_INFORMATION SHOWN_
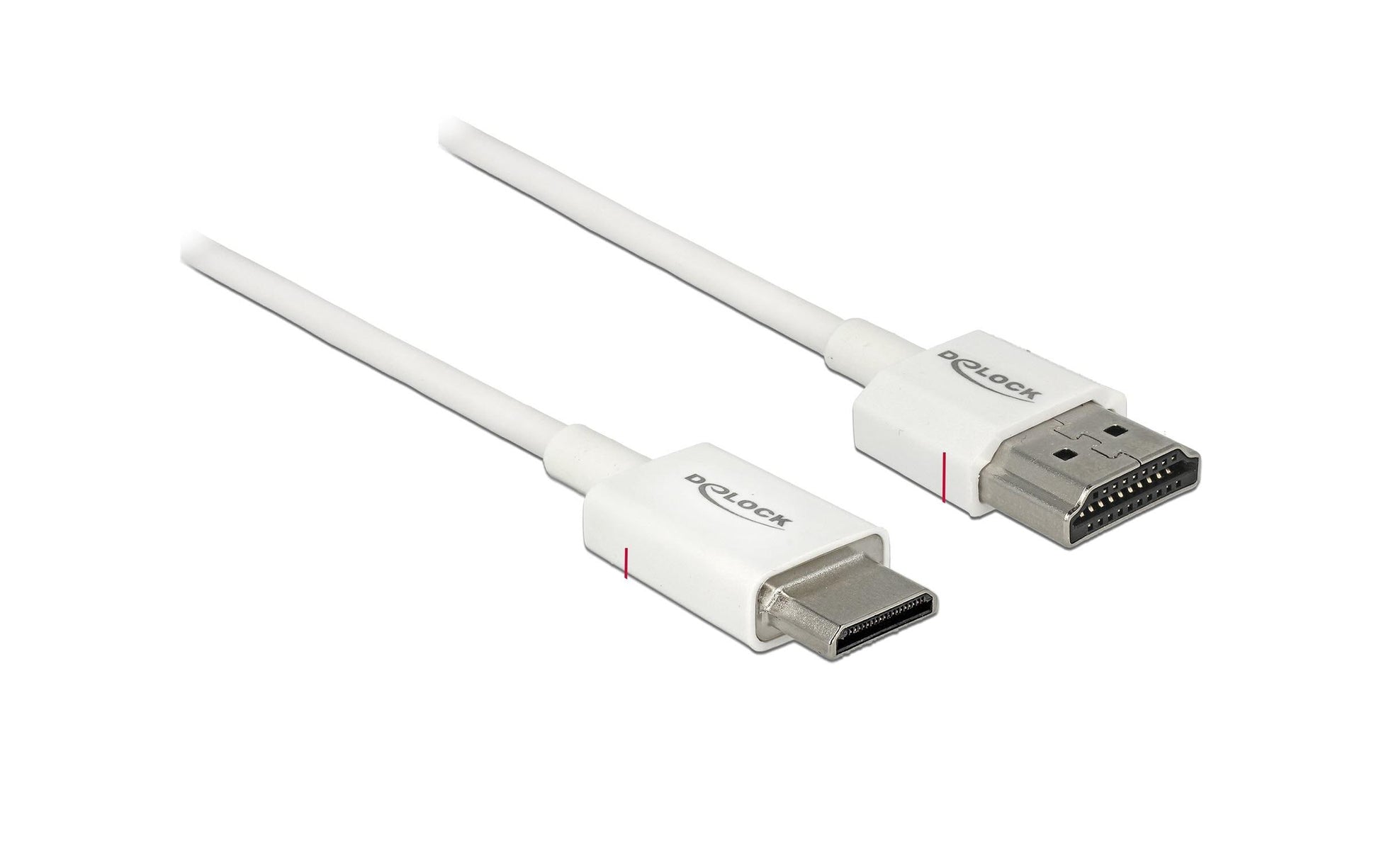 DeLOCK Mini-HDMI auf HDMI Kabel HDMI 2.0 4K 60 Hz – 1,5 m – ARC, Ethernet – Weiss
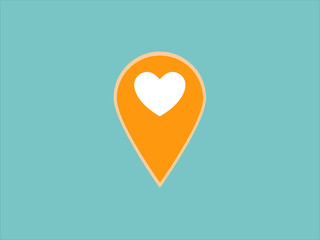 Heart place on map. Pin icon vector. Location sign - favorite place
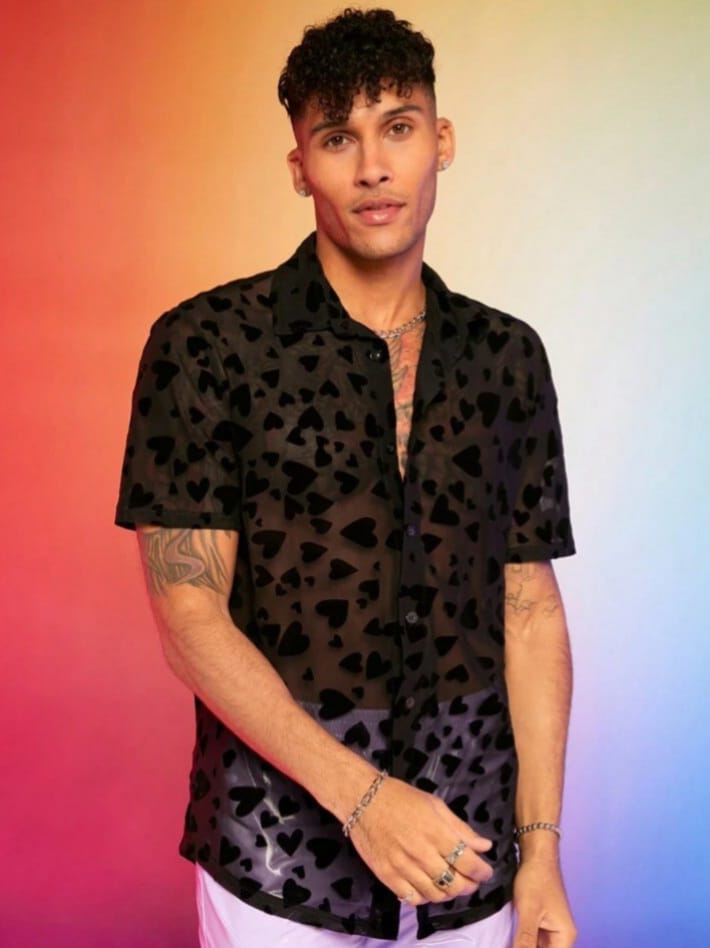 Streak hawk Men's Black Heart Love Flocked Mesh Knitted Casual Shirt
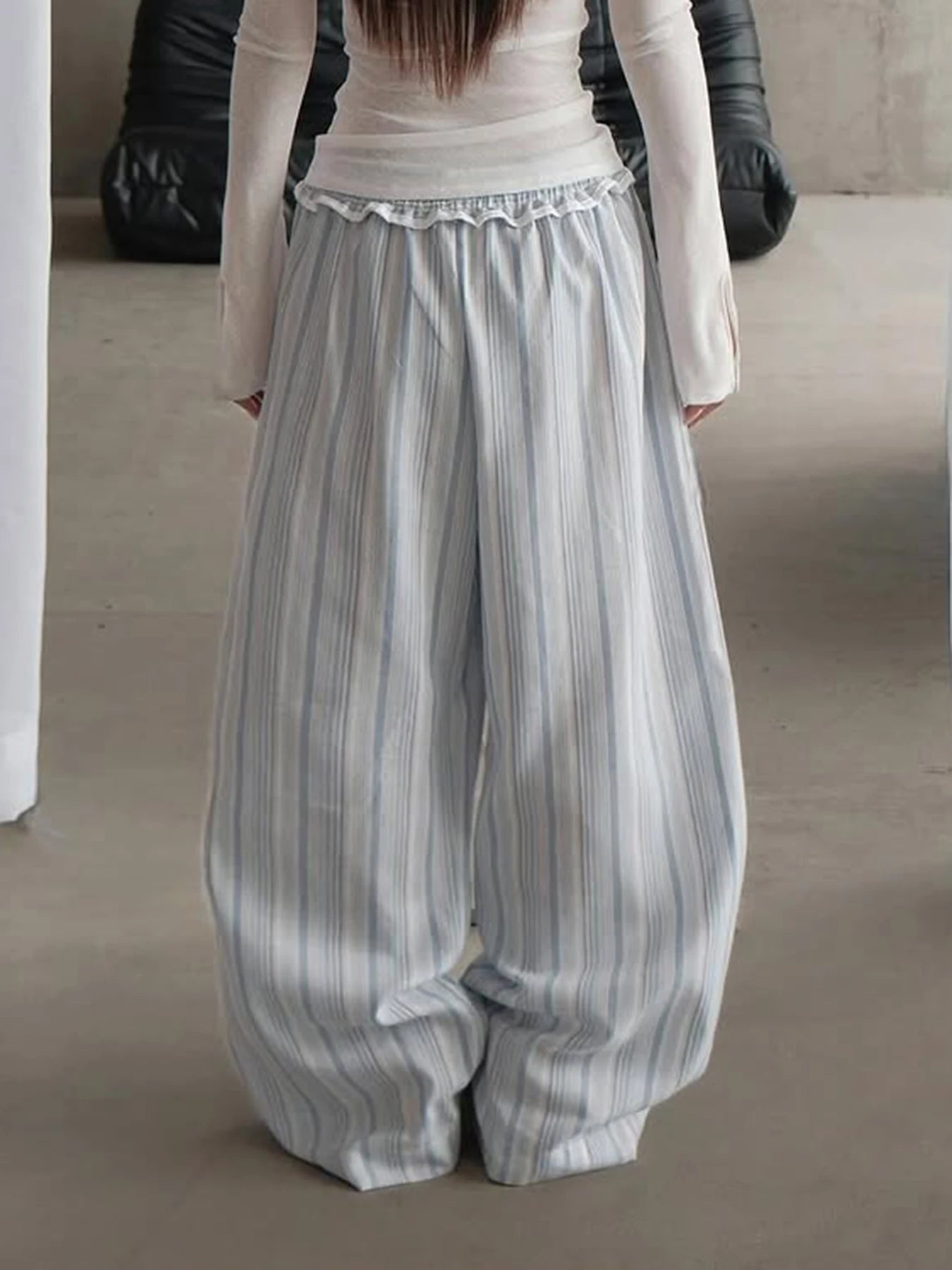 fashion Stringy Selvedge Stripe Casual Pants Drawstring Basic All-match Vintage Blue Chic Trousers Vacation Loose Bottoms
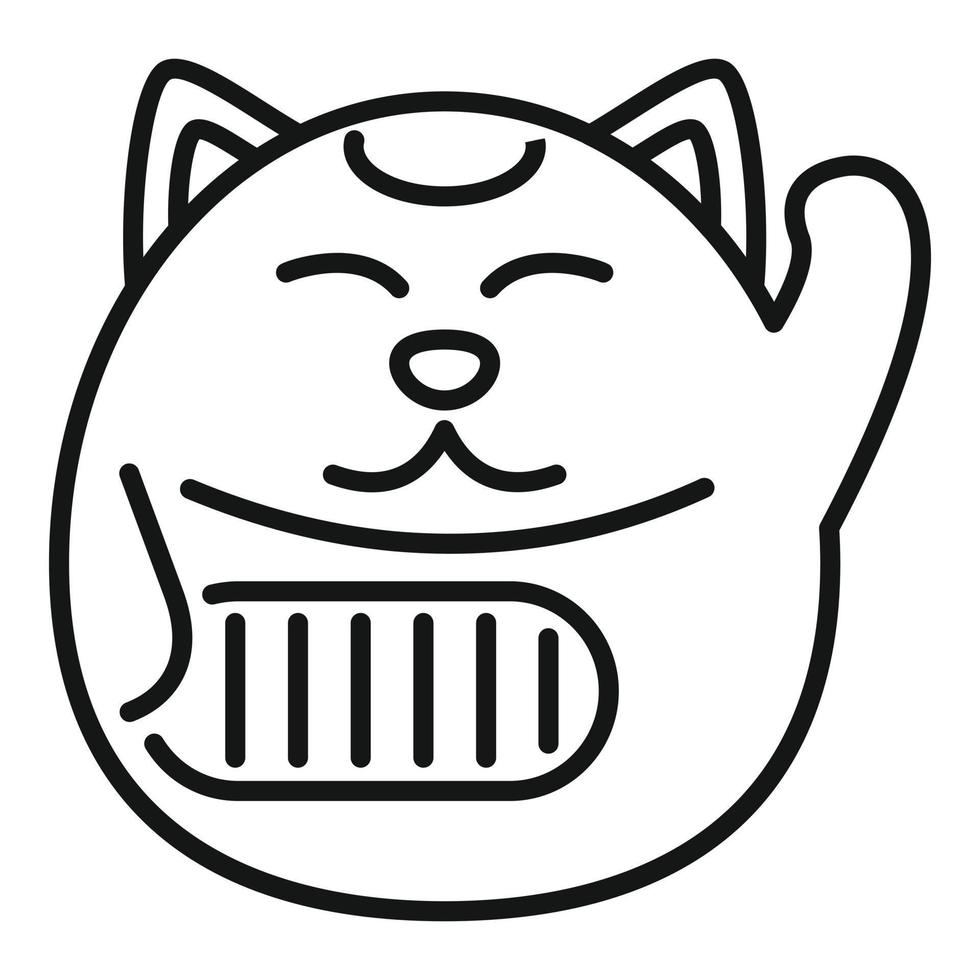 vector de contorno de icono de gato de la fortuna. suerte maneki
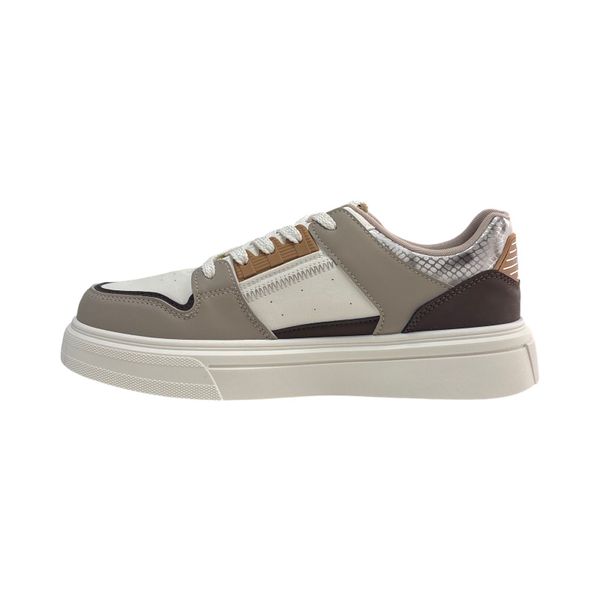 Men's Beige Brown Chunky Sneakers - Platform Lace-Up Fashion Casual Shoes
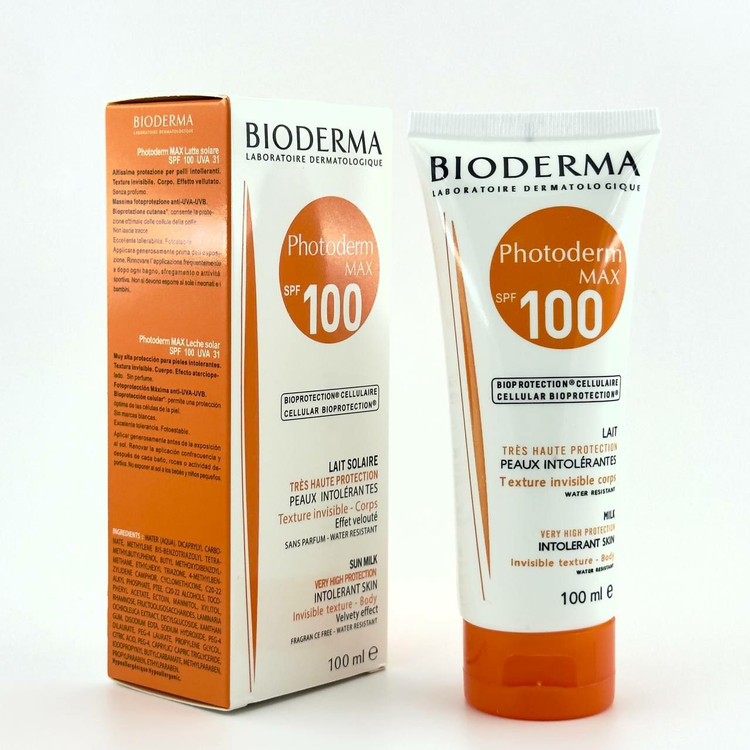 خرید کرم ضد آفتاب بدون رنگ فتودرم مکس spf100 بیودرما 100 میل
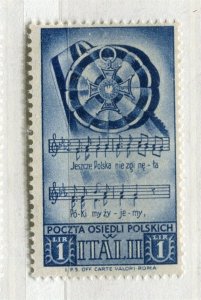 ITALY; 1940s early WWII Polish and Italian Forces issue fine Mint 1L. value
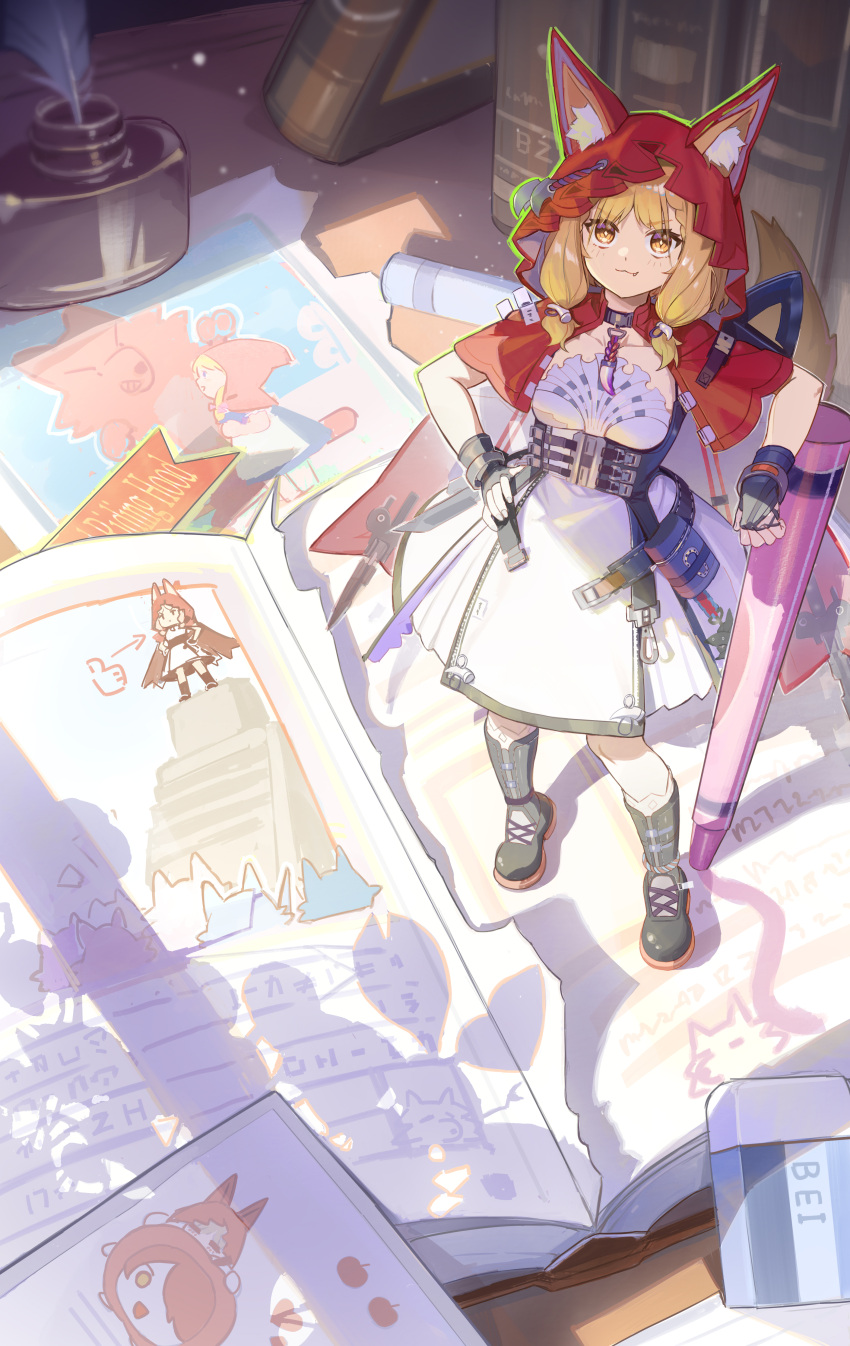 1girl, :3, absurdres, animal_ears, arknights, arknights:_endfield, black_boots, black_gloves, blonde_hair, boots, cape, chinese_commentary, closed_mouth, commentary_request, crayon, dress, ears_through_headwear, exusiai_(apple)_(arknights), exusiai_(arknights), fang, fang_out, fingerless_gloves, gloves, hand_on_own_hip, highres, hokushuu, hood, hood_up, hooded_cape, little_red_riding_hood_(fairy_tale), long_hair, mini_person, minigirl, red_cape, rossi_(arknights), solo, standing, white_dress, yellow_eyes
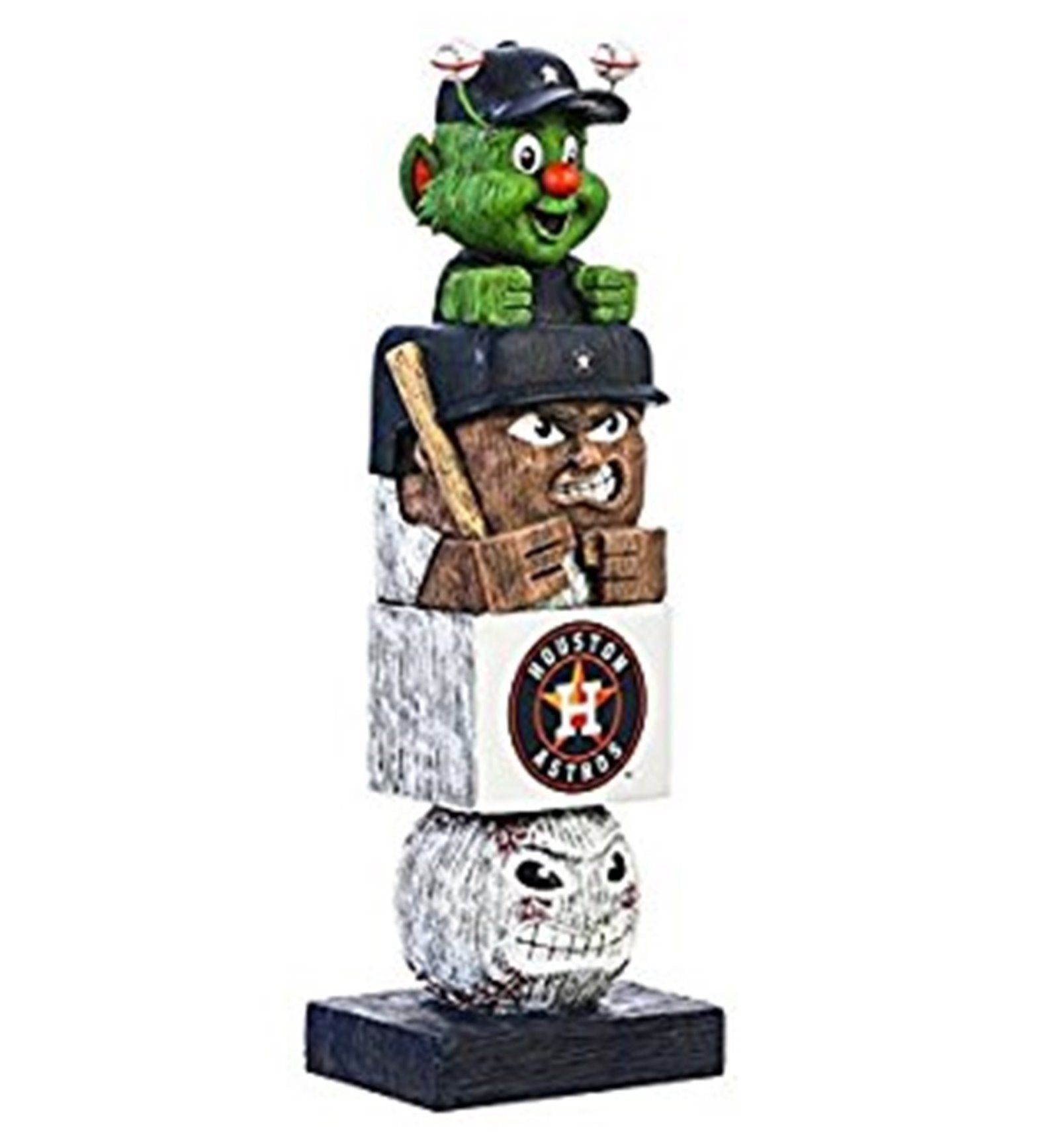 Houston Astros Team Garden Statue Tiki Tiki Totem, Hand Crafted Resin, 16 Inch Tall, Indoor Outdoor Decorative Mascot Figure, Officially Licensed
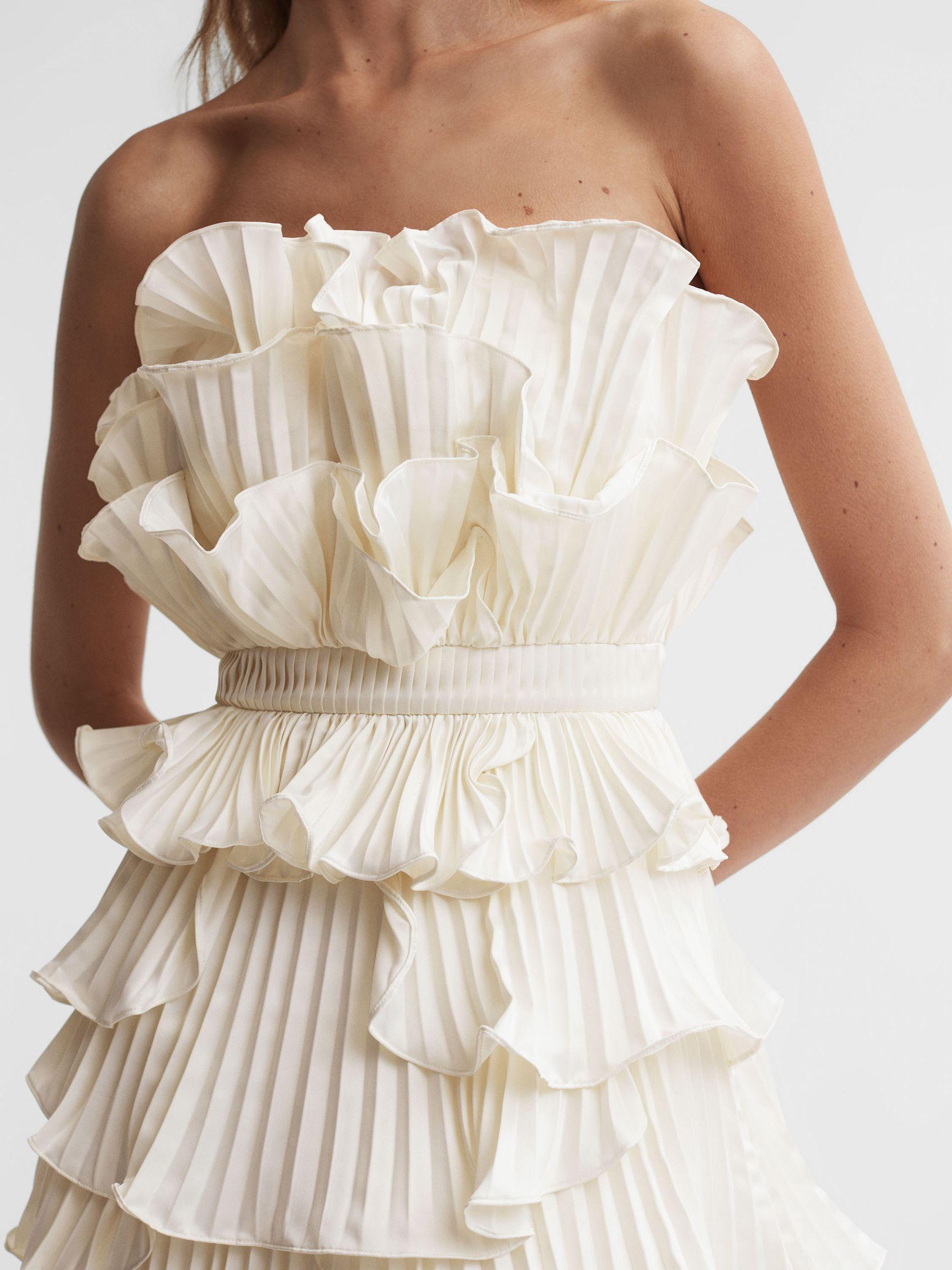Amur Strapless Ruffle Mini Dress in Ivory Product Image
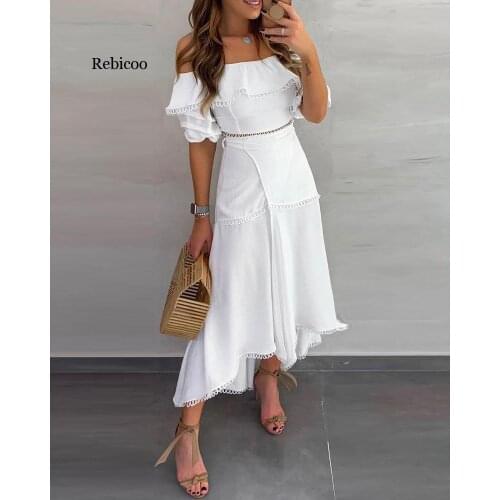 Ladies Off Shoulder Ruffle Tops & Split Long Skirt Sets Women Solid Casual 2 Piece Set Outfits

_TASK GOAL_
Copy every record exactly; no pictures.

_SOLUTION BELOW_
 DeLOCK Mini-HDMI auf HDMI Kabel HDMI 2.0 4K 60 Hz – 1,5 m – ARC, Ethernet – Weiss
 Heart place on map. Pin icon vector. Location sign - favorite place
 Streak hawk Men's Black Heart Love Flocked Mesh Knitted Casual Shirt
 fashion Stringy Selvedge Stripe Casual Pants Drawstring Basic All-match Vintage Blue Chic Trousers Vacation Loose Bottoms
 vector de contorno de icono de gato de la fortuna. suerte maneki
 Men's Beige Brown Chunky Sneakers - Platform Lace-Up Fashion Casual Shoes
 خرید کرم ضد آفتاب بدون رنگ فتودرم مکس spf100 بیودرما 100 میل
 ITALY; 1940s early WWII Polish and Italian Forces issue fine Mint 1L. value
 1girl, :3, absurdres, animal_ears, arknights, arknights:_endfield, black_boots, black_gloves, blonde_hair, boots, cape, chinese_commentary, closed_mouth, commentary_request, crayon, dress, ears_through_headwear, exusiai_(apple)_(arknights), exusiai_(arknights), fang, fang_out, fingerless_gloves, gloves, hand_on_own_hip, highres, hokushuu, hood, hood_up, hooded_cape, little_red_riding_hood_(fairy_tale), long_hair, mini_person, minigirl, red_cape, rossi_(arknights), solo, standing, white_dress, yellow_eyes
 Houston Astros Team Garden Statue Tiki Tiki Totem, Hand Crafted Resin, 16 Inch Tall, Indoor Outdoor Decorative Mascot Figure, Officially Licensed
Amur Strapless Ruffle Mini Dress in Ivory Product Image
 Ladies Off Shoulder Ruffle Tops & Split Long Skirt Sets Women Solid Casual 2 Piece Set Outfits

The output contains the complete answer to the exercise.